The Development Agreement
[14] As previously indicated, as part of the Agreement, and occupying some 10 pages of same, OPTrust and the Vendors agreed that contemporaneously with the closing, they would execute the Development Agreement for the Amaranth Properties.[^5] The provisions in the Agreement devoted to the development of the Amaranth Properties were basically an outline of what the parties ultimately signed on or about the date of closing, the latter of which was expanded into a further 70 pages of terms and provisions. As I will expand upon later in these reasons, I find that the former is but a microcosm of the latter.
[15] Counsel are in agreement that under the terms of the Development Agreement, the Vendors were granted a right to earn and be paid varying predetermined amounts if certain development milestones or benchmarks were achieved during the currency of this Agreement, which as I said was to run for 18 months from March 2009. Without detailing the contracted for milestones, because none were achieved in the time prescribed, suffice it to say that they were intended to cover matters such as zoning, servicing and prospective leases of the Amaranth Properties (the “Milestones”).[^6] Had all the Milestones been achieved, the Vendors would have been paid $26,037,700, or the amount equal to the VTB Face Amount.
[16] If I understand the facts correctly, none of the work contracted for under the Development Agreement was ever started, and, in fact, none of the Milestones were ever reached triggering any obligation on the part of OPTrust.
[17] The Development Agreement expired in mid-September 2009 and was formally terminated by agreement shortly thereafter, at which time all the VTBs given at first instance on closing were discharged. To repeat, no services were ever provided by the Vendors under the Agreement or the Development Agreement and no monies were ever paid under the VTBs.

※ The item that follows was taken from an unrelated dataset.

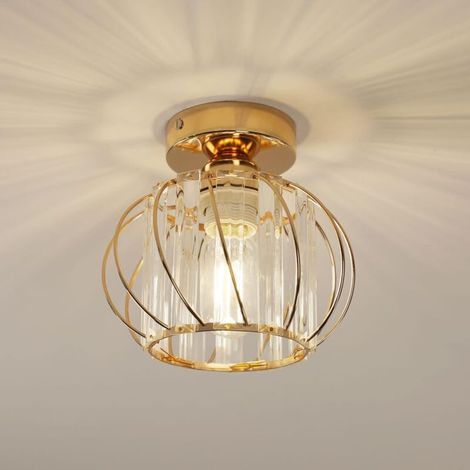 Moderne Kristall-deckenleuchte E27 Mini-deckenleuchte, Halb Eingelassener Kristall-kronleuchter, Kristall-deckenlampe Für Wohnzimmer, Schlafzimmer, Eingangsbereich, Flur (gold)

[18] This now takes us back to the beginning of this portion of the judgment. As a result of the termination of the development aspect of the Agreement and the Development Agreement and the discharge of the VTBs, OPTrust submitted an application for a refund of the previously paid land transfer tax of $392,065.50, which sum is the cash equivalent on the tax purportedly exigible on the VTB Face Amount.
The Issues
[19] The MOF synthesized the issues under appeal as follows:
(a) Whether the value of the consideration, within the meaning of the LTTA, includes the amount of $26,037,700 related to either the VTB Face Amount or the development of the Amaranth Properties;
(b) Whether as a consequence of such a finding, OPTrust is entitled to a refund in respect of tax calculated and paid on the amount of $26,037,700, namely the sum of $392,065.50.
Position of the Parties
[20] The essence of OPTrust’s position revolves around that portion of the Agreement and the Development Agreement which permitted the Vendors to reach the Milestones, which the Appellant characterizes as a ‘contingent’ agreement, and one that it argues was subject to cancellation at OPTrust’s option. Since none of the Milestones were met, and the Development Agreement was cancelled and the VTBs were discharged, its claim for a refund is, therefore, unassailable. In addition, it argues that the value of the VTBs at all material times, as calculated under the terms of the Agreement, was zero and should not have formed part of the “value of consideration” for purposes of calculating land transfer tax notwithstanding the VTB Face Amount.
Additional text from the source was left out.